• DATA EXTRACT:
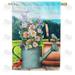 America Forever Spring Cardinal House Flag 28 x 40 inches Double Sided Watering Can Pink Flowers Rose Blue Jay - Seasonal Yard Lawn Outdoor Decorative Spring Bird House Flag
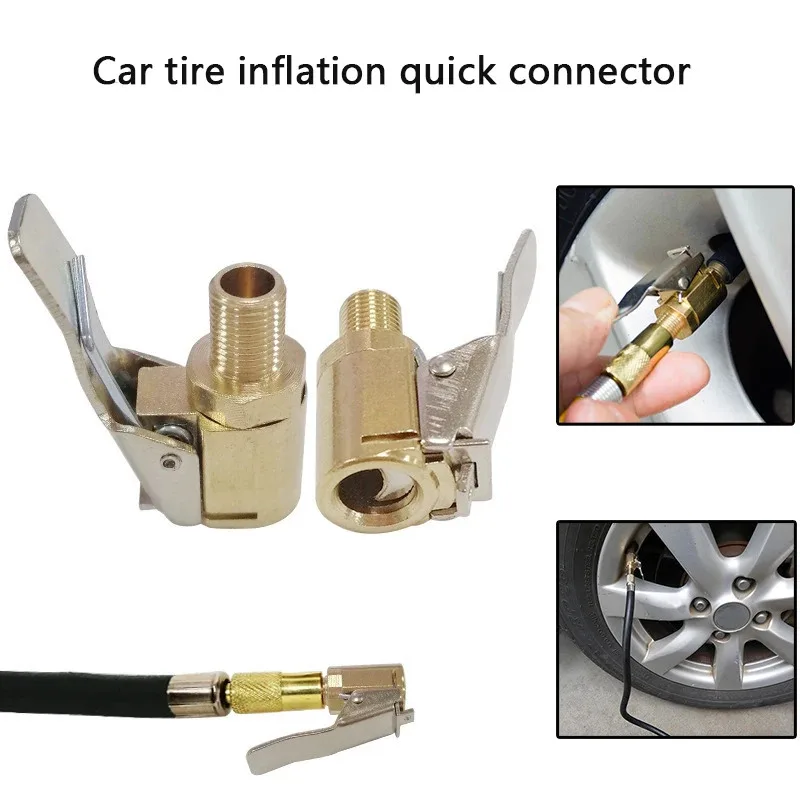 1/2/4Pcs Advanced Car Tire Inflator Pump Valve Connector Clip-on Adapter Car Brass Tyre Wheel Valve For Inflatable Pump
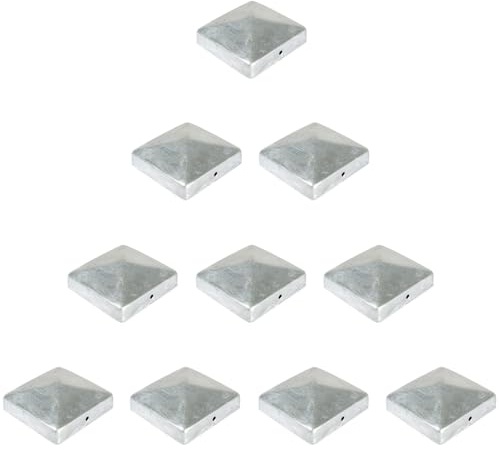 MEIN GARTEN VERSAND 10× Pfostenkappe Pyramide 9×9 cm (91×91 mm) – feuerverzinkte Stahl-Abdeckung für Holzpfosten – witterungsbeständiger eckiger Pfostendeckel/Zaunkappe für 9×9-Pfosten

• EXERCISE: Print the full listing exactly, dropping the pictures.

• SOLUTION TO THE PROBLEM:
 America Forever Spring Cardinal House Flag 28 x 40 inches Double Sided Watering Can Pink Flowers Rose Blue Jay - Seasonal Yard Lawn Outdoor Decorative Spring Bird House Flag
 1/2/4Pcs Advanced Car Tire Inflator Pump Valve Connector Clip-on Adapter Car Brass Tyre Wheel Valve For Inflatable Pump
 MEIN GARTEN VERSAND 10× Pfostenkappe Pyramide 9×9 cm (91×91 mm) – feuerverzinkte Stahl-Abdeckung für Holzpfosten – witterungsbeständiger eckiger Pfostendeckel/Zaunkappe für 9×9-Pfosten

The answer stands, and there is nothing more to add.